Abstract
Members of the Mycobacterium genus are well known for their energetic flexibility, a trait which they exploit to grow and survive under a wide range of oxygen tensions, including hypoxia. Contributing to this flexibility is their ability to respire using two-terminal respiratory oxidases, a cytochrome bcc-aa3-type cytochrome c oxidase (qcrCAB operon – bcc complex) and a cytochrome bd-type menaquinol oxidase (cydAB operon). The former is typically thought to have a lower affinity for oxygen but a higher energetic efficiency than the latter. This body of work examines the role of terminal oxidases in Mycobacterium smegmatis.

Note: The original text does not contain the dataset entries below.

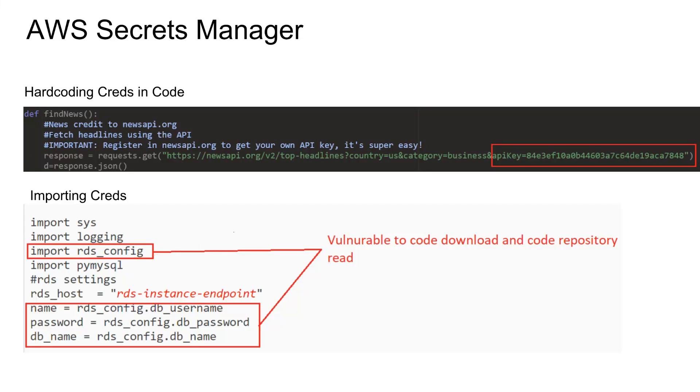Hello guys and girls. Welcome back. In this video, we are going to go over AWS Secrets Manager.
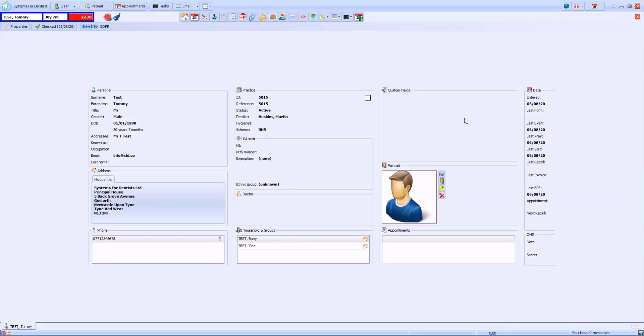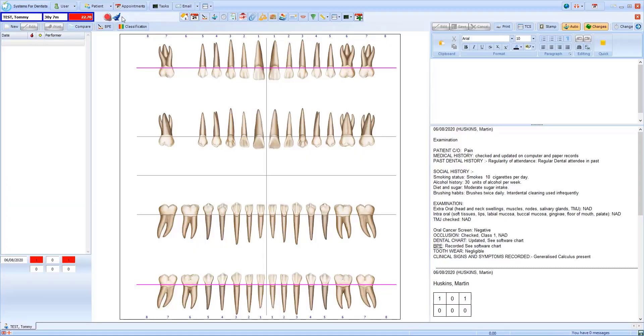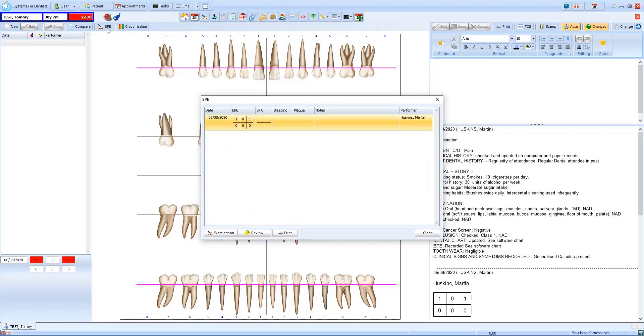One way to record a BPE is from the periodontal screen. From here I can select BPE. Recordings of previous BPEs are displayed here. To record a new BPE, select examination.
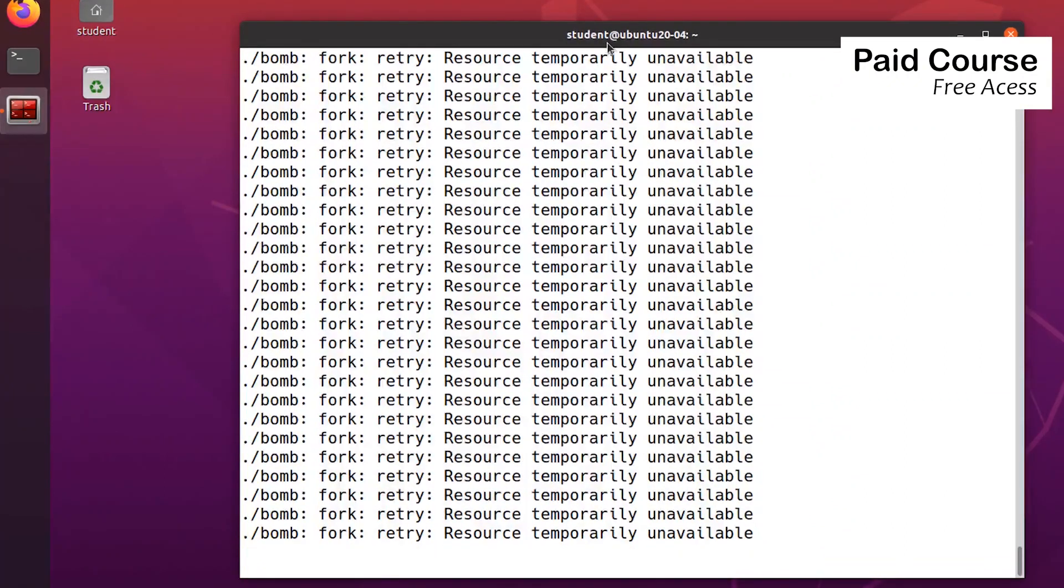Congratulations, you've just mitigated the fork bomb attack on Linux and made your system more secure.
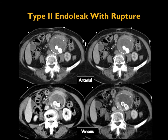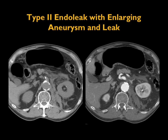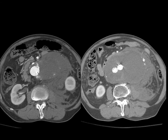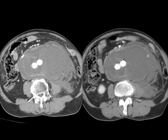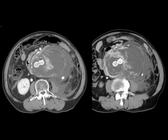Type two endoleaks can lead to rupture. You can see the vessel getting larger and the patient having a rupture. Another example shows the aneurysm increasing in size with high density in the retroperitoneum on the left and displacement of the kidney. There is an active type two endoleak with bleeding by the left psoas muscle, nicely shown on the later phase images. More than half of type two endoleaks will resolve on their own, but others will continue to enlarge the aorta and can lead to aortic rupture with active contrast extravasation.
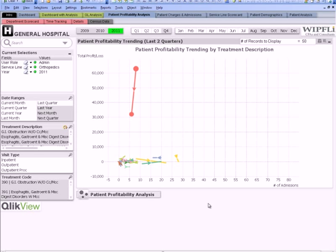If you'd like to see some other examples of deeper drill-down analysis capabilities powered by ClickView, check out Whipley's other videos on ClickView for Healthcare Leaders. Until next time!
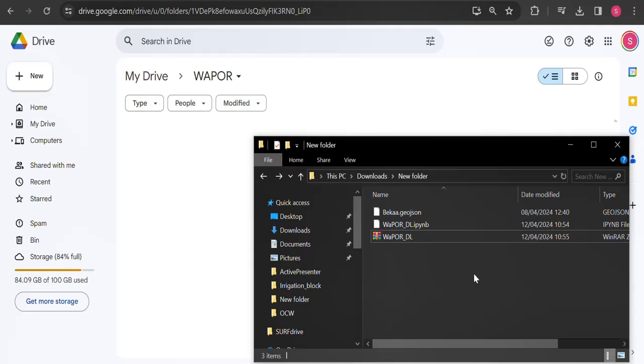Hello, I am Suzanne Dehauti and in this video we will explore how to use WAPORDL in Colab notebook to download WAPOR version 3 data.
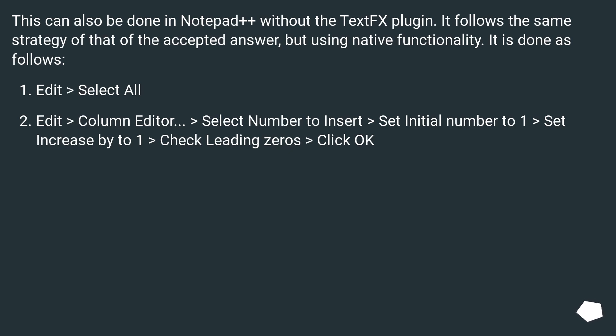Edit > Column Editor > Select Number to Insert > Set Initial Number to 1 > Set Increase By to 1 > Check Leading Zeros > Click OK.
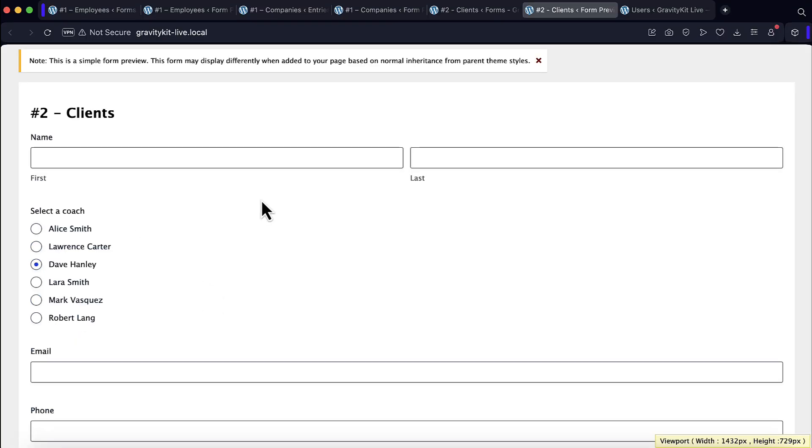Thanks for watching, everybody. I hope this was helpful. The dynamic lookup field for Gravity Forms is absolutely free. So head on over to our website to download that. And please let us know what you think.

Previously terminal oxidases have been typecast solely based on their affinities for oxygen. Through the creation of bcc complex (Delta-qcrCAB) and cytochrome bd (Delta-cydAB) mutants, we have been able to elucidate an additional role for terminal oxidases in redox balance and proton motive force (PMF) maintenance. We provide evidence for the presence of respiratory backpressure in mycobacteria and argue that it is sufficient to significantly impede proton-pumping complexes. We, therefore, suggest that instead of their affinities for oxygen controlling the response of the terminal oxidases, it is instead their differences in proton-pumping abilities that dictates their role.
Furthermore, we characterise a putative respiratory complex III (QcrB) inhibitor, TB47: a pyrazolo[1,5-a]pyridine-3-carboxamide and use it to understand the transcriptional response of M. smegmatis wild type to bcc-aa3 inhibition. RNA sequencing undertaken on TB47-treated cells showed significant upregulation of genes associated with the Dos regulon, which is involved in the ability of mycobacteria to adapt to low oxygen environments (hypoxia). These data provide the first evidence for a link between terminal oxidases and an oxygen-sensing two-component system. Upregulation of alternative electron donors and acceptors involved in recycling reducing equivalents eludes to a possible mechanism by which inhibiting a terminal oxidase leads to dysregulation of NADH/NAD+ homeostasis. In conclusion, we show that terminal oxidase shut down leads to respiratory dysregulation, which has multiple effects, including a more reduced NADH/NAD+ pool, respiratory backpressure and metabolic redox stress.